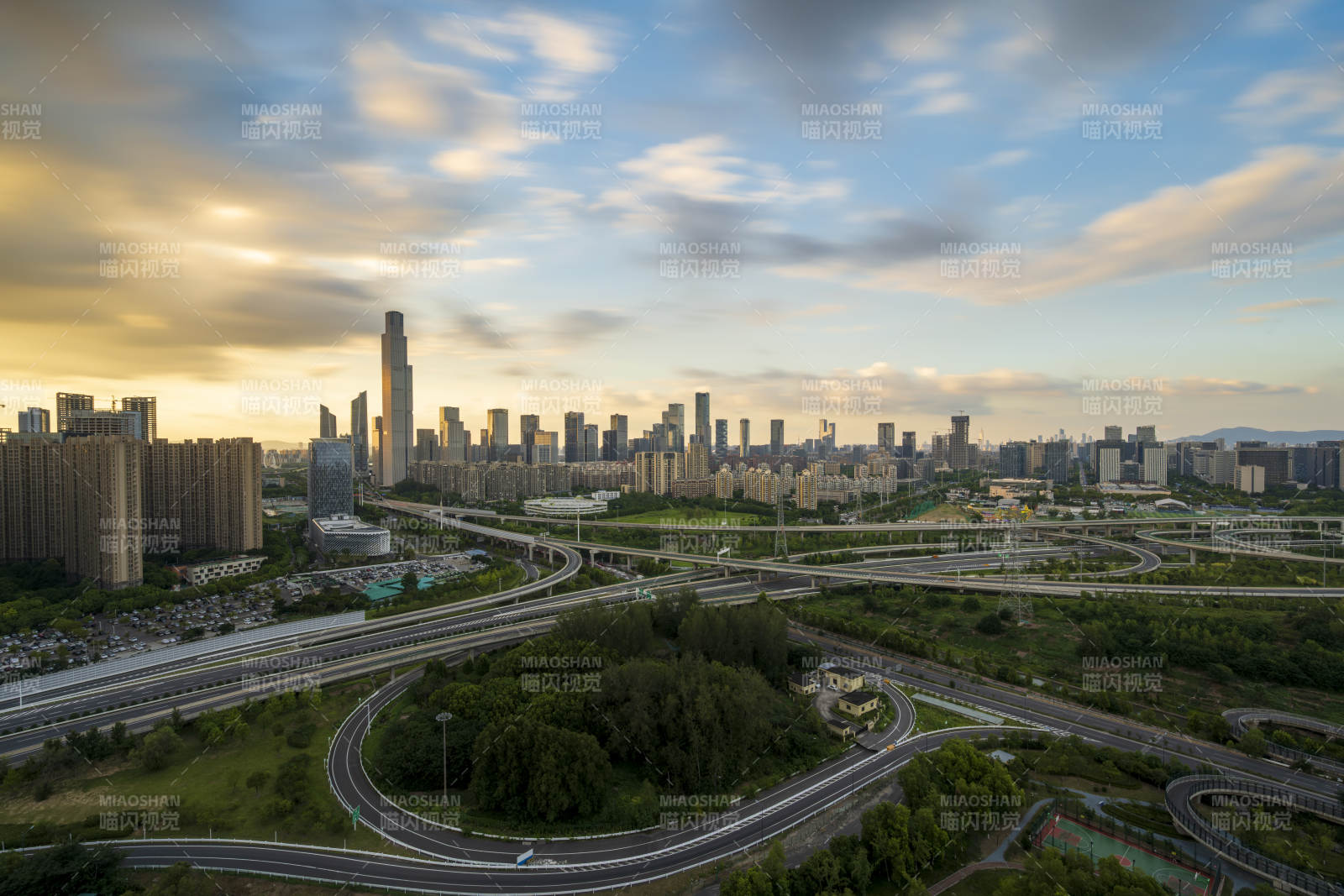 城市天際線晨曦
──────────
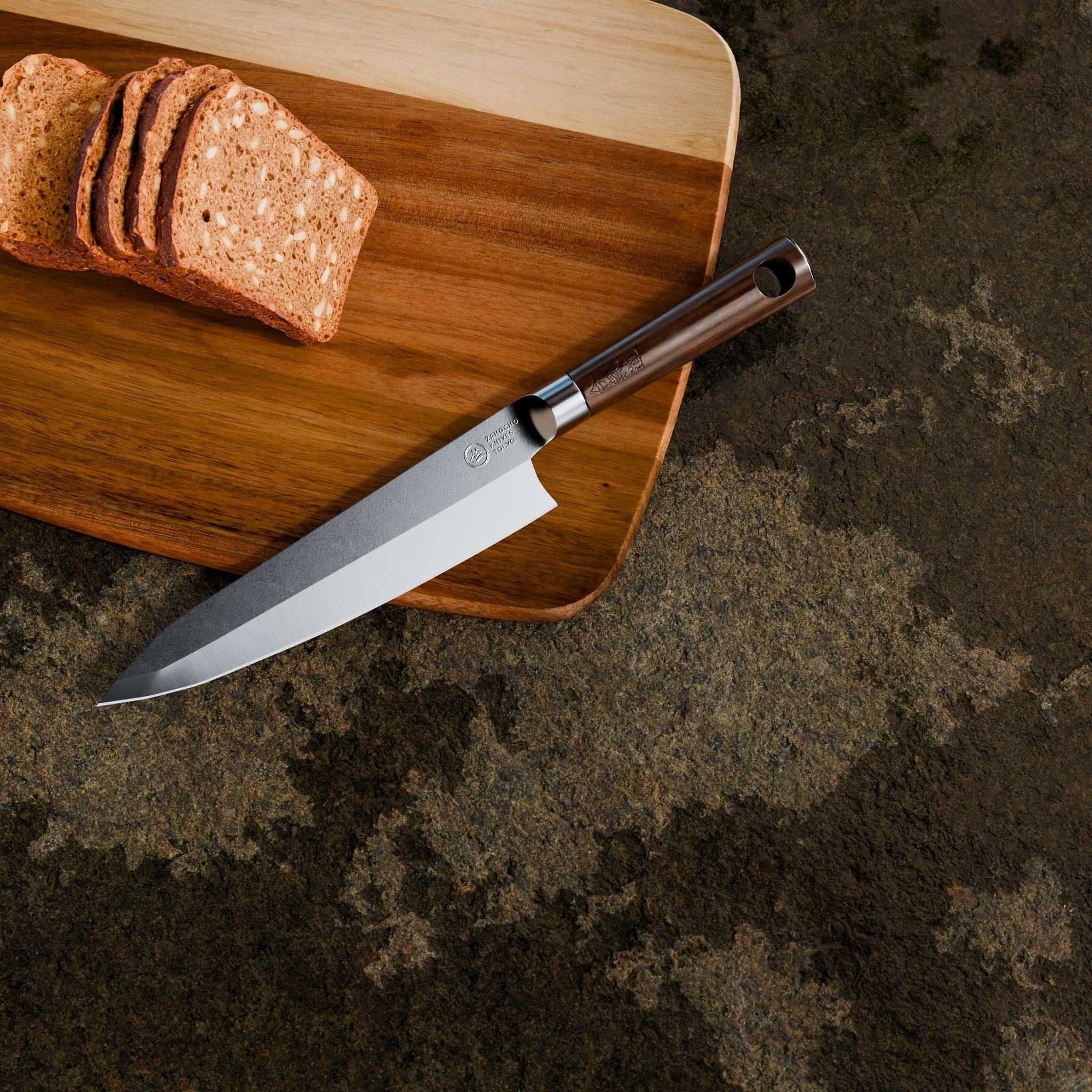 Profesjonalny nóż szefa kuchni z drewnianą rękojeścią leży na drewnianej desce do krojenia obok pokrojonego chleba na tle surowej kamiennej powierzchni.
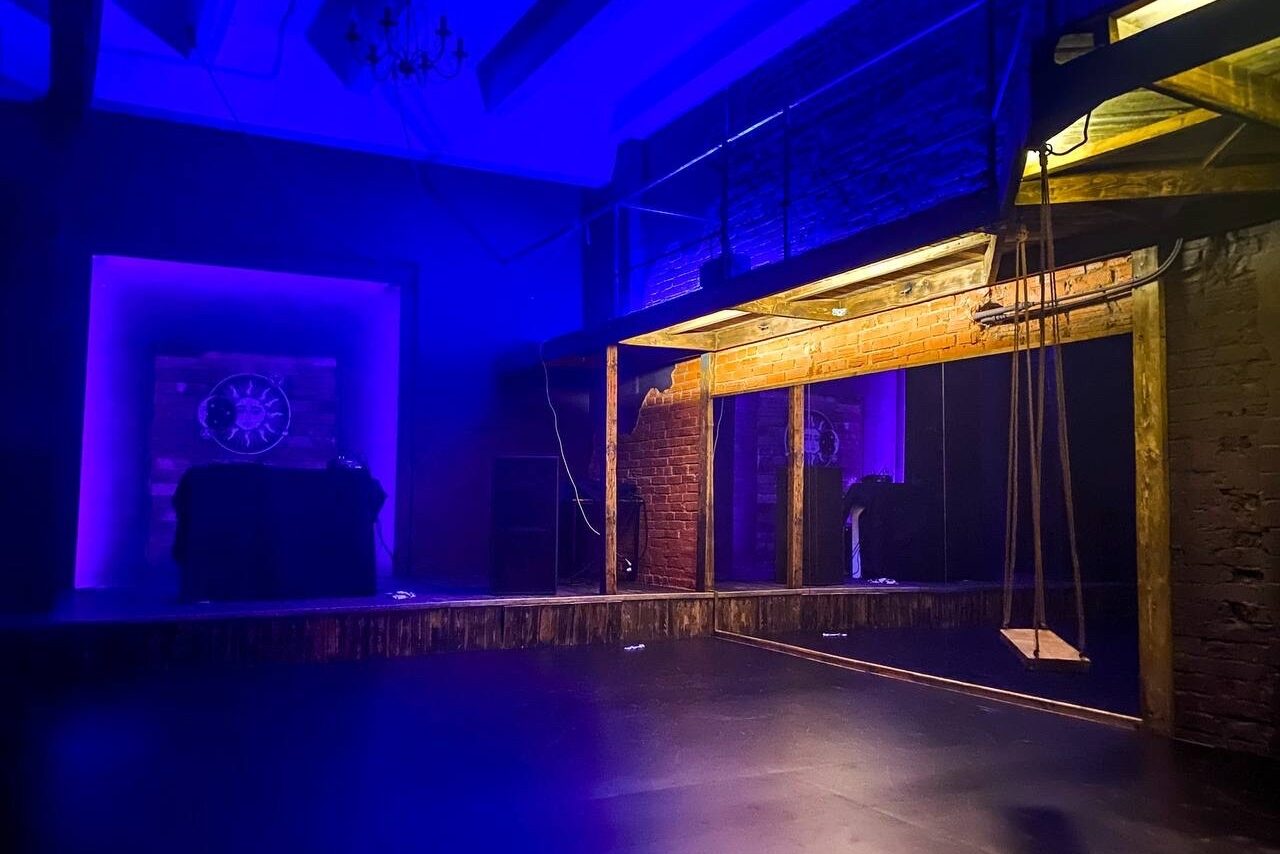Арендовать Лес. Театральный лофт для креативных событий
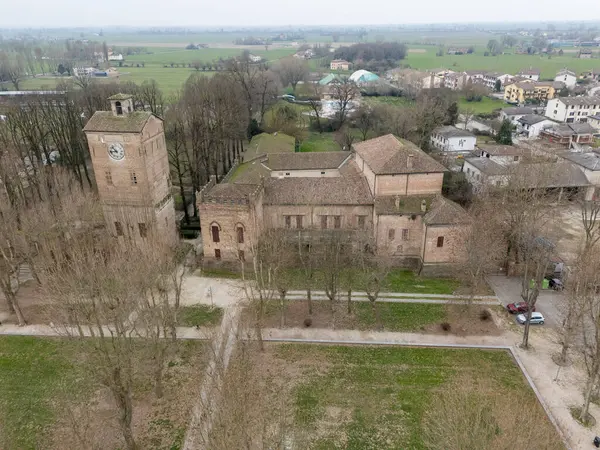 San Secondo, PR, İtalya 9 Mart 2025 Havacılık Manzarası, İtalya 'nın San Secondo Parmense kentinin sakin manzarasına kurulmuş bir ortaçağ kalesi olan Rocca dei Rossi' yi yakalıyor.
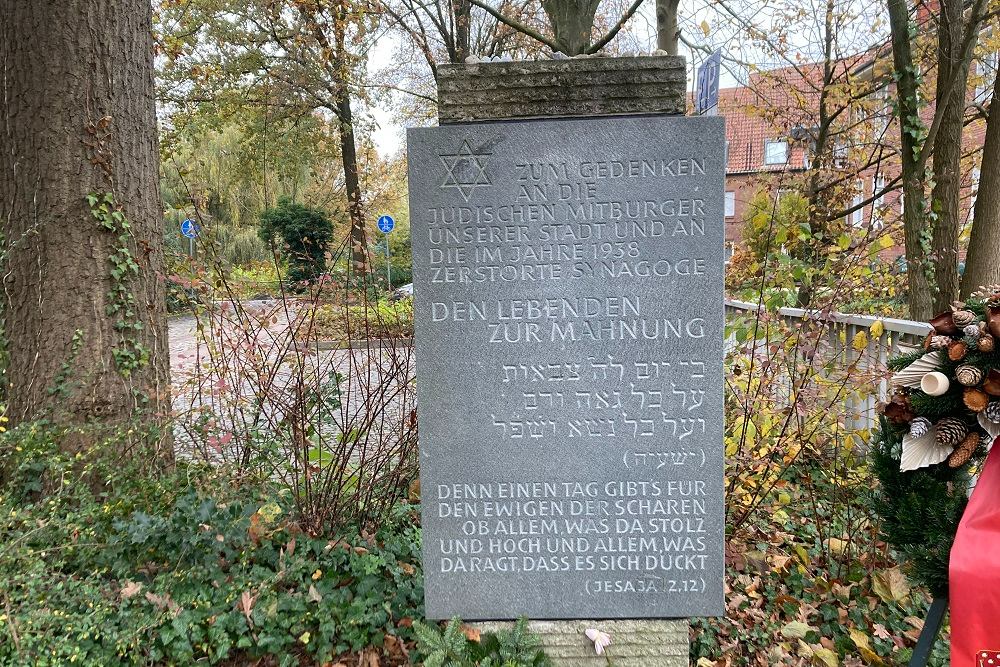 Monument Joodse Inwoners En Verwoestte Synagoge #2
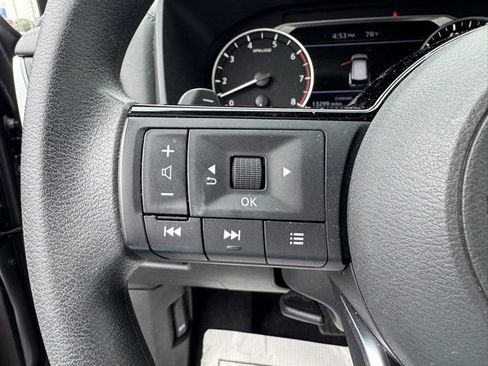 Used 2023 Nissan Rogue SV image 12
──────────
Print from the line containing "Profesjonalny nóż szefa" through the line containing "Used 2023 Nissan Rogue SV image 12" in the data above, exactly as the lines stand, and omit every picture.

 Profesjonalny nóż szefa kuchni z drewnianą rękojeścią leży na drewnianej desce do krojenia obok pokrojonego chleba na tle surowej kamiennej powierzchni.
Арендовать Лес. Театральный лофт для креативных событий
 San Secondo, PR, İtalya 9 Mart 2025 Havacılık Manzarası, İtalya 'nın San Secondo Parmense kentinin sakin manzarasına kurulmuş bir ortaçağ kalesi olan Rocca dei Rossi' yi yakalıyor.
 Monument Joodse Inwoners En Verwoestte Synagoge #2
 Used 2023 Nissan Rogue SV image 12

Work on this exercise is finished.